§ Your goal: Your reply should consist only of the lines from the one holding "Lexus ES — Фото автомобиля 7" to the last line of the data below, written out exactly and without pictures.

§ Material supplied:

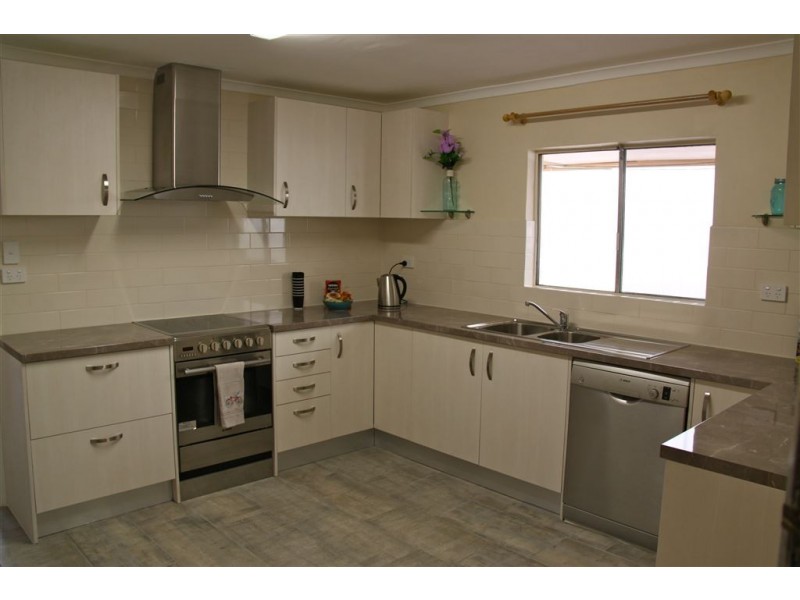 15 Lundstrom Street, Goolwa Beach SA 5214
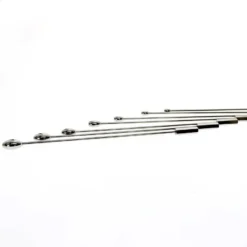 Hastes de sonda uretral alinhadas mostrando as espessuras de 6 a 12 mm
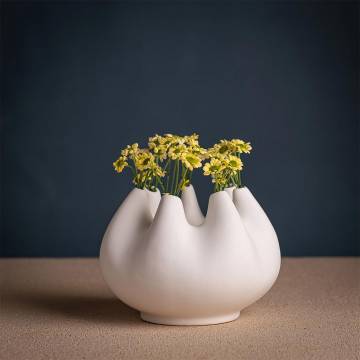 Klatt Objects RHIZOME Bone China 7 Hole Vase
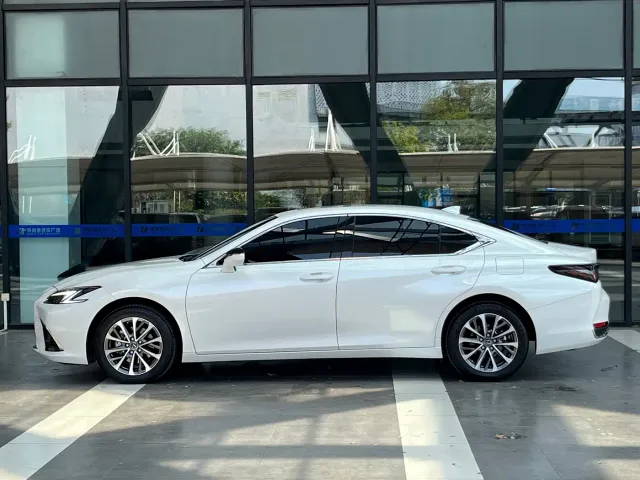 Lexus ES — Фото автомобиля 7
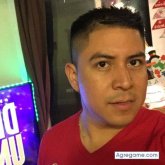 Encuentra Hombres solteros en Urbana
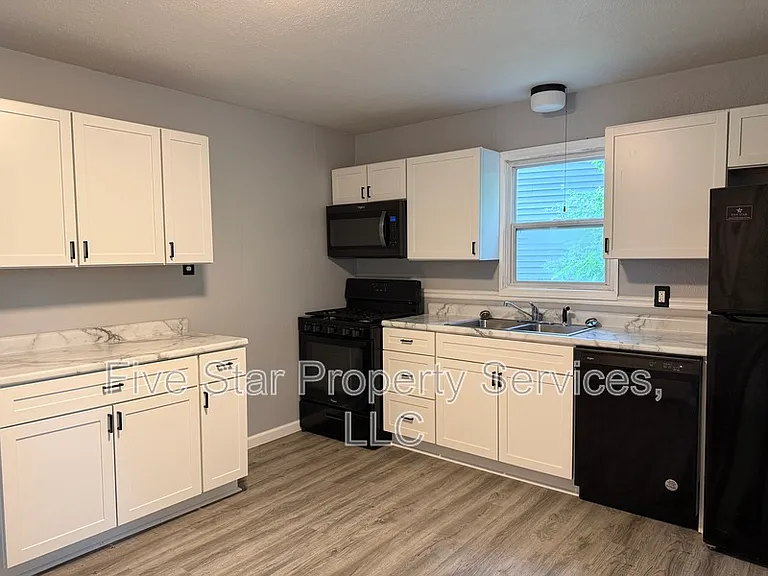 12 Douglas Ct — Photo 17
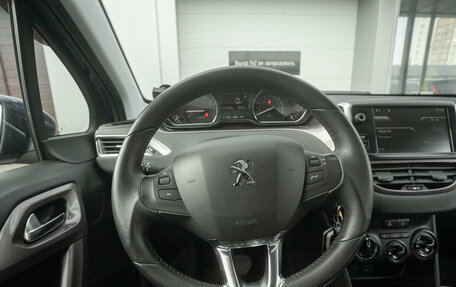 Peugeot 2008 II, 2014 год, 849 000 рублей, 17 фотография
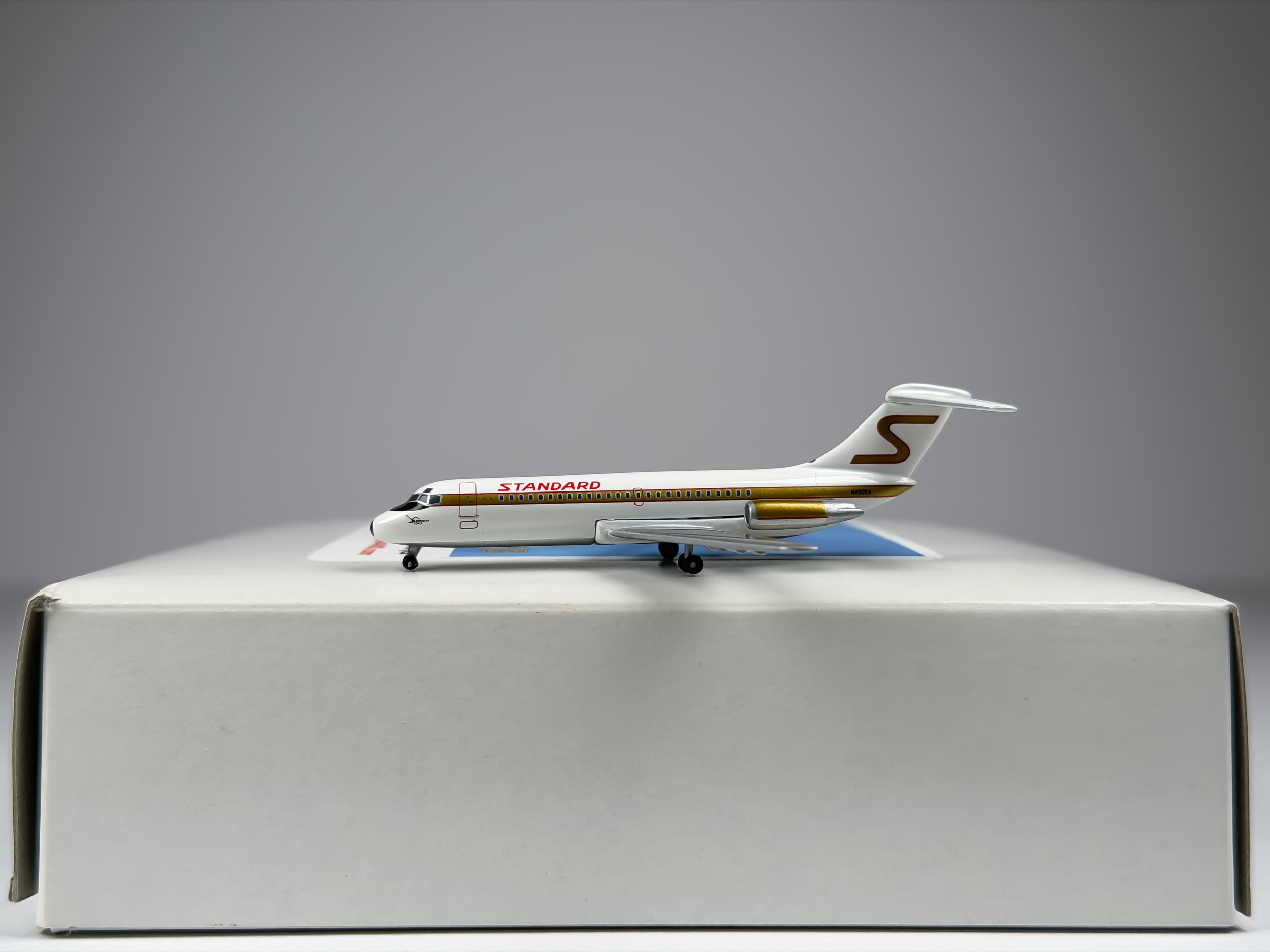 Standard Douglas DC-9-15 1:400 Aeroclassics N490SA (ACSTD065)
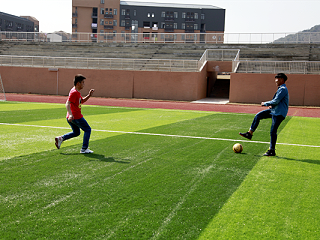 什么北京人造草足球场适合学校建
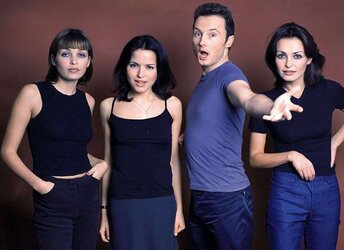 Popstar Andrea Corr lil' without bra boobs gallery(You like?)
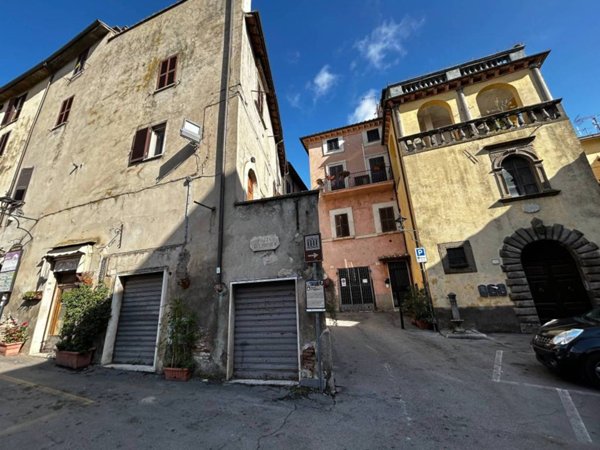 appartamento in vendita ad Orte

§ Solution to the problem:
 Lexus ES — Фото автомобиля 7
 Encuentra Hombres solteros en Urbana
 12 Douglas Ct — Photo 17
 Peugeot 2008 II, 2014 год, 849 000 рублей, 17 фотография
 Standard Douglas DC-9-15 1:400 Aeroclassics N490SA (ACSTD065)
 什么北京人造草足球场适合学校建
 Popstar Andrea Corr lil' without bra boobs gallery(You like?)
 appartamento in vendita ad Orte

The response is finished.